SNML. Anatomie d’une contrefaçon
C’est la plus rocambolesque des histoires ayant secoué le monde des ouvrages savants. En juin 2005, la librairie de livres anciens Martayan Lan suscita une excitation sans précédent en annonçant s’être procuré un exemplaire du Sidereus Nuncius, le traité par lequel Galilée avait consigné, tout au long de l’année 1610, les observations qui lui permirent de confirmer la théorie héliocentrique de l’univers émise un demi-siècle plus tôt par Johannes Kepler. Comme le prouva, après quatre années d’analyses sans précédent dans l’Histoire de l’expertise du livre, un collectif de chercheurs dirigé par l’historien de l’art allemand Horst Bredekamp et Paul Needham, le directeur des collections spéciales de la bibliothèque de l’université de Princeton, il s’agissait d’un volume exceptionnel. Entre autres indices, les illustrations de la Lune qui y figuraient attestaient de ce qu’il comptait sans doute parmi les 30 exemplaires du premier tirage que Galilée s’était réservés à son usage personnel -exemplaires qui étaient demeurés, à sa demande, exempts des gravures ornant les autres.
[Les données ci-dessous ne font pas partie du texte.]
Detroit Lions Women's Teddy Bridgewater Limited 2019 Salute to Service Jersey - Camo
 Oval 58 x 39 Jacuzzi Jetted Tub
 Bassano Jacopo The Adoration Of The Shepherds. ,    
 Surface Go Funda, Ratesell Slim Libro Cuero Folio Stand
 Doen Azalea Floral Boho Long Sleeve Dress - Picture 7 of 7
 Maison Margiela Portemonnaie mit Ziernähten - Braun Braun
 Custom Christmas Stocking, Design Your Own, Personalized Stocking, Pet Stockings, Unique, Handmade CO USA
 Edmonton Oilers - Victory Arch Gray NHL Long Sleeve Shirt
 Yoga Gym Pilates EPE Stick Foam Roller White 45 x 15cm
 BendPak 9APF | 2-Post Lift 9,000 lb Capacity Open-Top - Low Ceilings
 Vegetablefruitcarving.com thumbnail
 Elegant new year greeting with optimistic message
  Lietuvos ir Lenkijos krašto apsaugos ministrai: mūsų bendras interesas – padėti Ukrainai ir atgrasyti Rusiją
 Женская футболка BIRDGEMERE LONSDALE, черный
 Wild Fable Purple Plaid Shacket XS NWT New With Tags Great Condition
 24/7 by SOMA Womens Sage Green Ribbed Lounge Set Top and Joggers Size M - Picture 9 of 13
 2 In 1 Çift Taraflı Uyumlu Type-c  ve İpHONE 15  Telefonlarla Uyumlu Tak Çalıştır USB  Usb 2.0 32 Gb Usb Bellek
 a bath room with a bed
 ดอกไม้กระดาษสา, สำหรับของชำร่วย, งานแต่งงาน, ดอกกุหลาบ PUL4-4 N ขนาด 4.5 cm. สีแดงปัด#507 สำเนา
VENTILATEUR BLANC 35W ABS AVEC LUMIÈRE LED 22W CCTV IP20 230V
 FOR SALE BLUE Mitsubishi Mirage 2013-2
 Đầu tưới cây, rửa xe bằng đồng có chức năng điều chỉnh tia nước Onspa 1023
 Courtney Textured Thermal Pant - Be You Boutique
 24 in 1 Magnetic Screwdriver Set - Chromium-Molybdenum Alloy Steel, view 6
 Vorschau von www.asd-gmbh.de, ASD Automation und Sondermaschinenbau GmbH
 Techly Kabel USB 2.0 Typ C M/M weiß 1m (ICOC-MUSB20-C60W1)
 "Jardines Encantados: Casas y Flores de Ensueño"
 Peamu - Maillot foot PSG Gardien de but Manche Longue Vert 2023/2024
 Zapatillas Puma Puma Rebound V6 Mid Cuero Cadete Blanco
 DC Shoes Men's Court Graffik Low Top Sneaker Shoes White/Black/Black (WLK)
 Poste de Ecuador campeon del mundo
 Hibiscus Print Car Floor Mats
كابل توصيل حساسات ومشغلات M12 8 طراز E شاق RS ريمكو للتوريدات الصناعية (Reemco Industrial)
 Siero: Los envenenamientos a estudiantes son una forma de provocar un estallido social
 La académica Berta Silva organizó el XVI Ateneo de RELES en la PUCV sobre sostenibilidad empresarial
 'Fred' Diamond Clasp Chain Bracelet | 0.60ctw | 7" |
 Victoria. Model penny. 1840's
Acheté 500 000 dollars à un marchand italien, Massimo De Caro, il fut mis à prix par Martayan Lan pour la somme de dix millions, tant la trouvaille était unique et comblait un vide dans l’Histoire d’une des découvertes les plus prodigieuses des sciences. Il n’y avait qu’un seul problème: le SNML, ou Sidereus Nuncius Martayan Lan, comme la copie fut baptisée, était un faux. Il fallut la révélation des incroyables malversations de De Caro, alors directeur de la bibliothèque de Naples, pour que les chercheurs, revenant sur leur propre travail, finissent par percevoir l’arnaque dont ils avaient été l’objet -une arnaque que De Caro, par défi, avait pour ainsi dire construite à leur destination. Pourquoi? Comment? On l’apprendra en lisant les pièces sidérantes de l’affaire, réunies et préfacées par Alexandre Laumonier dans SNML, un livre aussi beau et dingue que le Sidereus Nuncius lui-même.
Collectif, éditions Zones Sensibles, traduit de l’anglais par Christophe Lucchese et Arnaud Baignot, 144 pages.